Exercise instructions:
Could you copy the records below exactly, leaving out any pictures?

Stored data
╭──
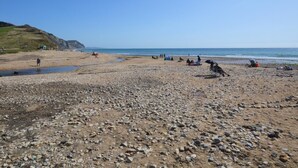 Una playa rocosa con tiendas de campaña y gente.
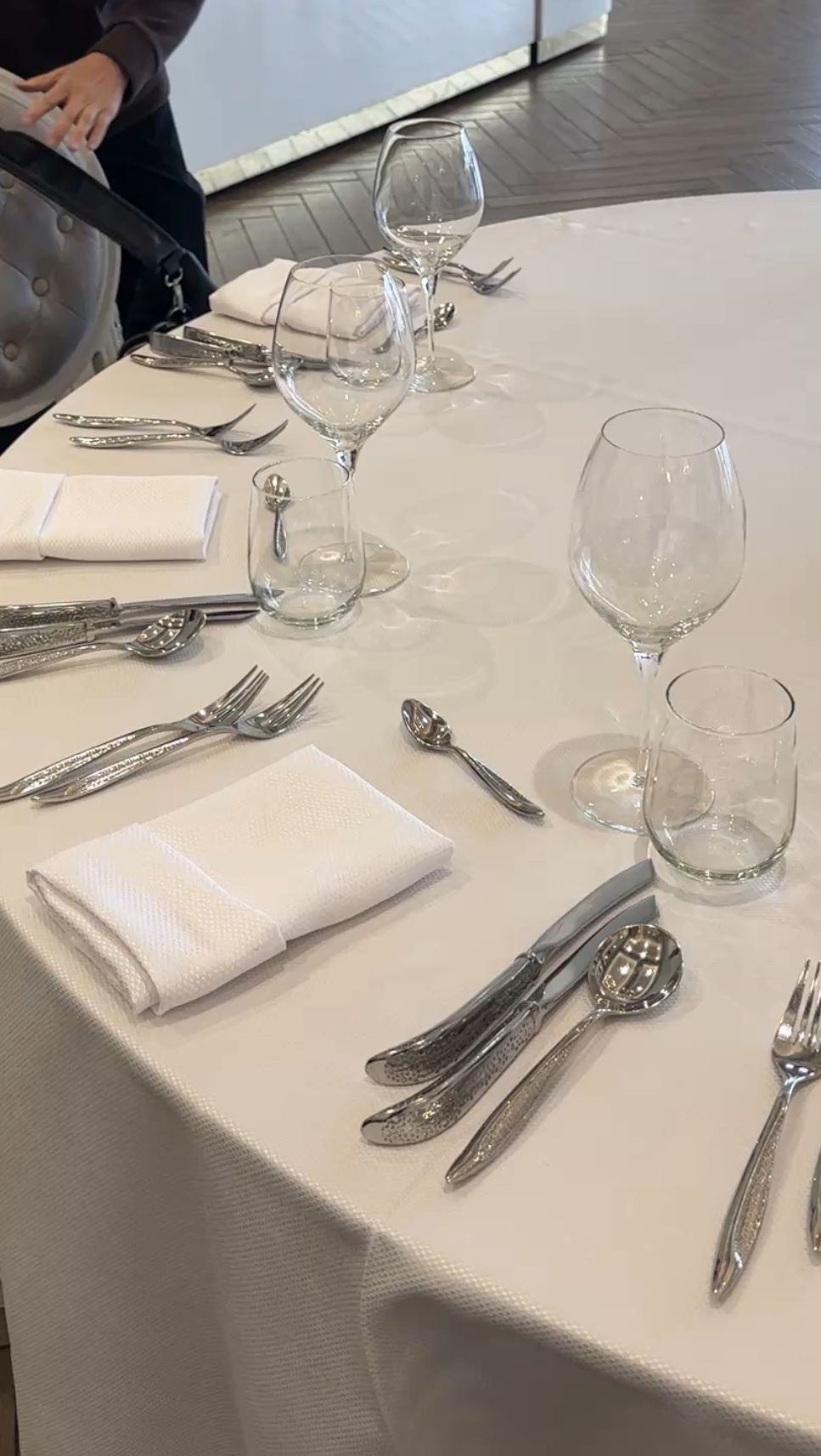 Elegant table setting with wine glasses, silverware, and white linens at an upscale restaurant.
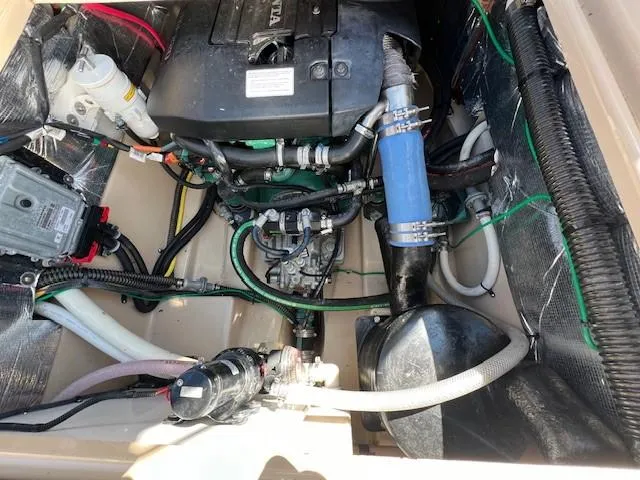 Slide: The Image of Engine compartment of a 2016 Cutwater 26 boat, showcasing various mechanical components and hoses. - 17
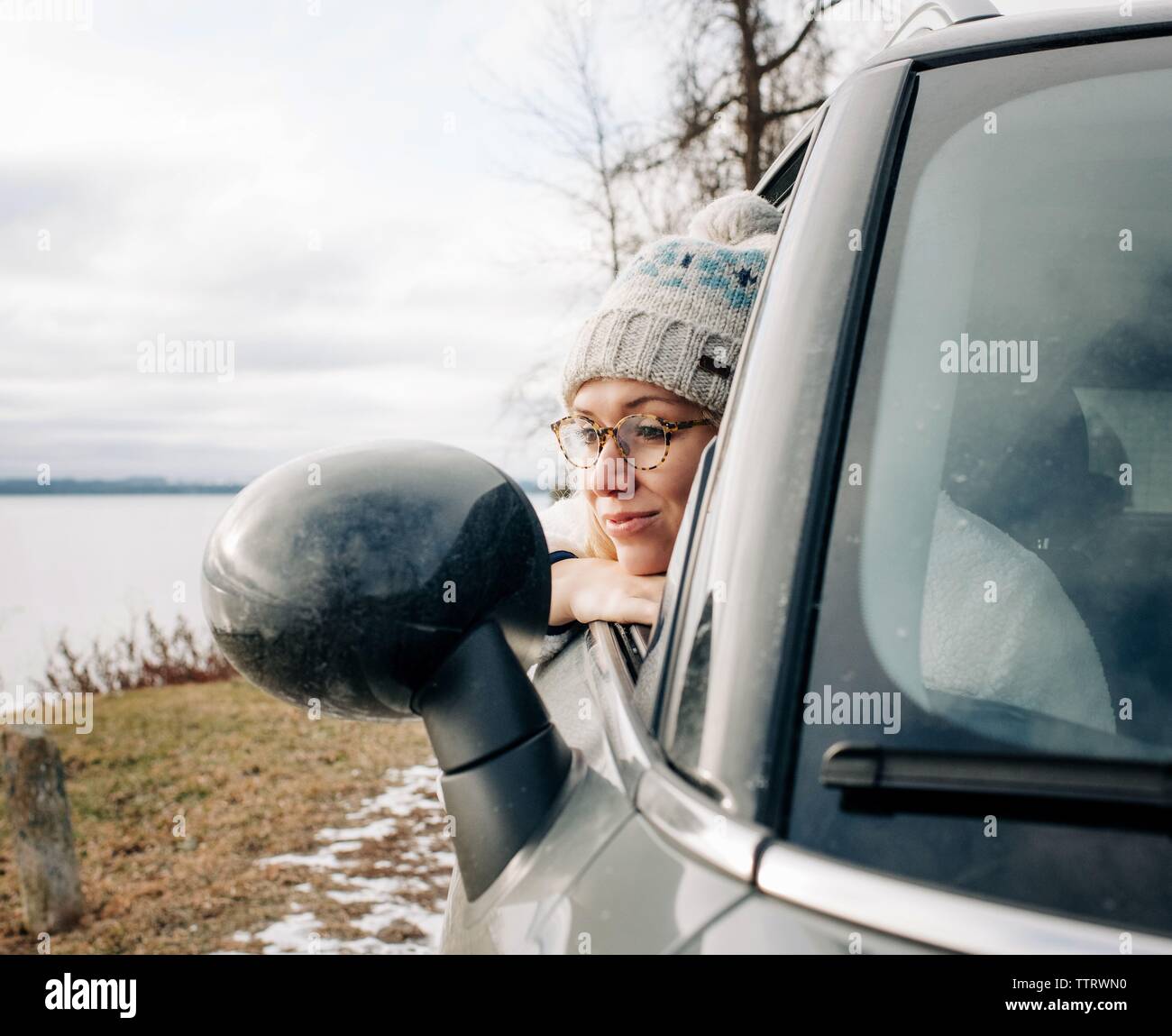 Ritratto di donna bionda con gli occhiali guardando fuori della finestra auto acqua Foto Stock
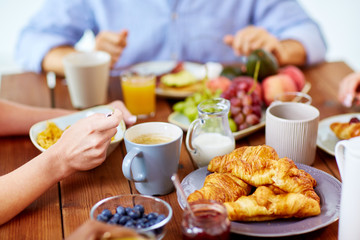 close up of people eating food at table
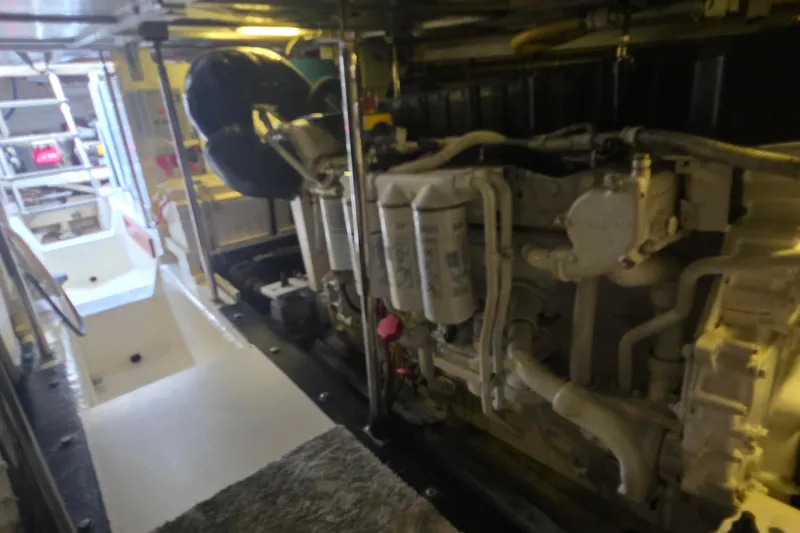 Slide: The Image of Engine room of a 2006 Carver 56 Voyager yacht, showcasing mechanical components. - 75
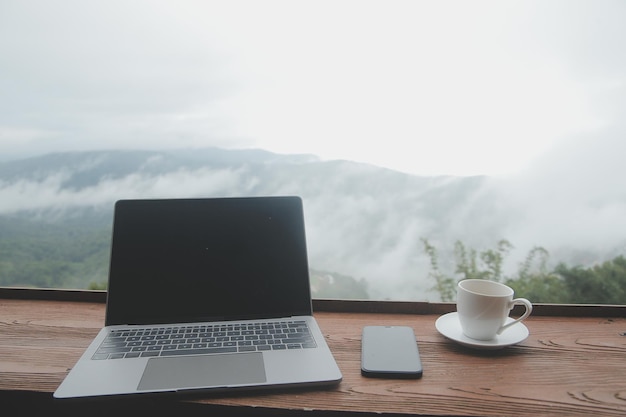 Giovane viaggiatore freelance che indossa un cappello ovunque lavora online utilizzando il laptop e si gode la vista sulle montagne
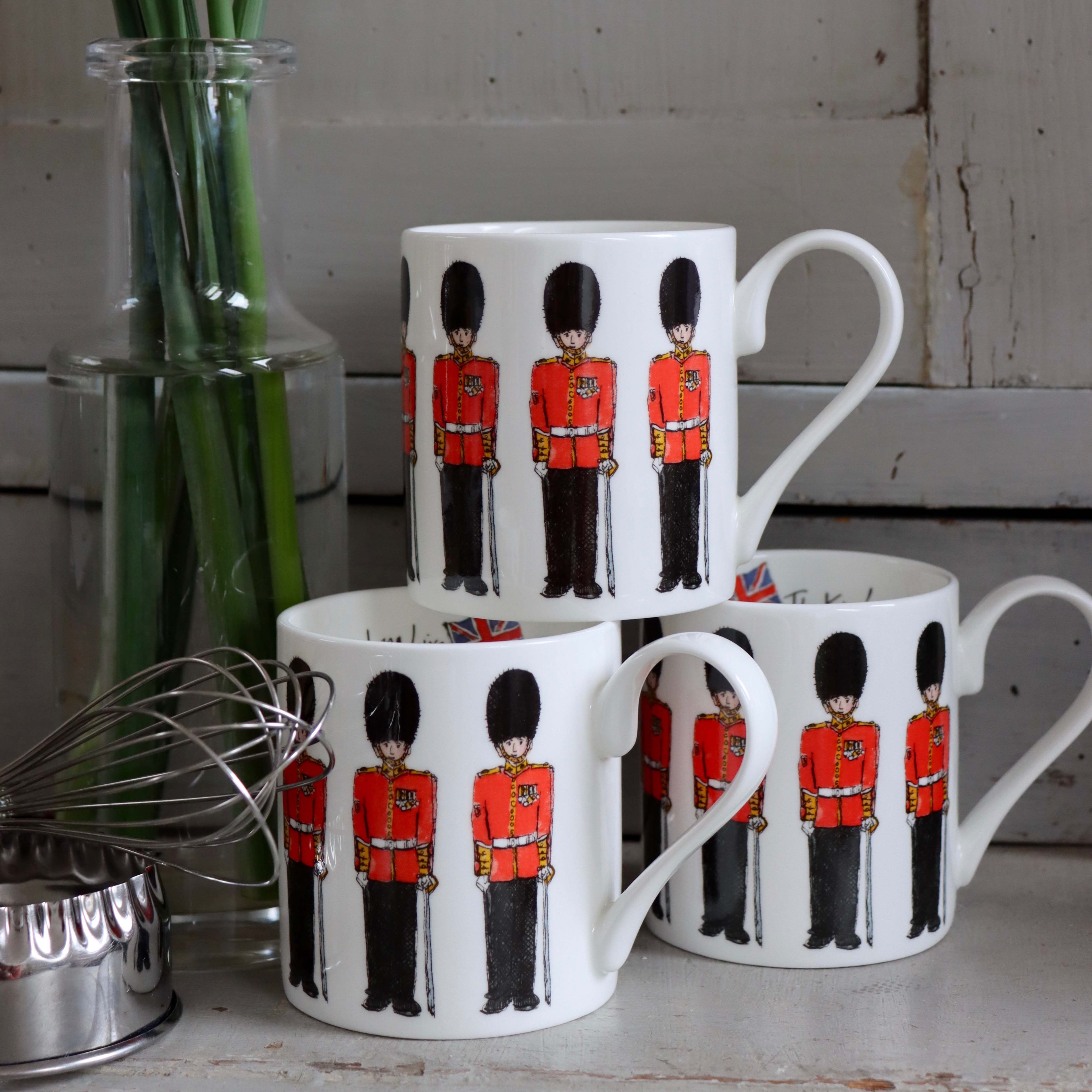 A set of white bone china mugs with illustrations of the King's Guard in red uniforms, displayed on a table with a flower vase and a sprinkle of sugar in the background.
╰──
Output of the task:
 Una playa rocosa con tiendas de campaña y gente.
 Elegant table setting with wine glasses, silverware, and white linens at an upscale restaurant.
 Slide: The Image of Engine compartment of a 2016 Cutwater 26 boat, showcasing various mechanical components and hoses. - 17
 Ritratto di donna bionda con gli occhiali guardando fuori della finestra auto acqua Foto Stock
 close up of people eating food at table
 Slide: The Image of Engine room of a 2006 Carver 56 Voyager yacht, showcasing mechanical components. - 75
 Giovane viaggiatore freelance che indossa un cappello ovunque lavora online utilizzando il laptop e si gode la vista sulle montagne
 A set of white bone china mugs with illustrations of the King's Guard in red uniforms, displayed on a table with a flower vase and a sprinkle of sugar in the background.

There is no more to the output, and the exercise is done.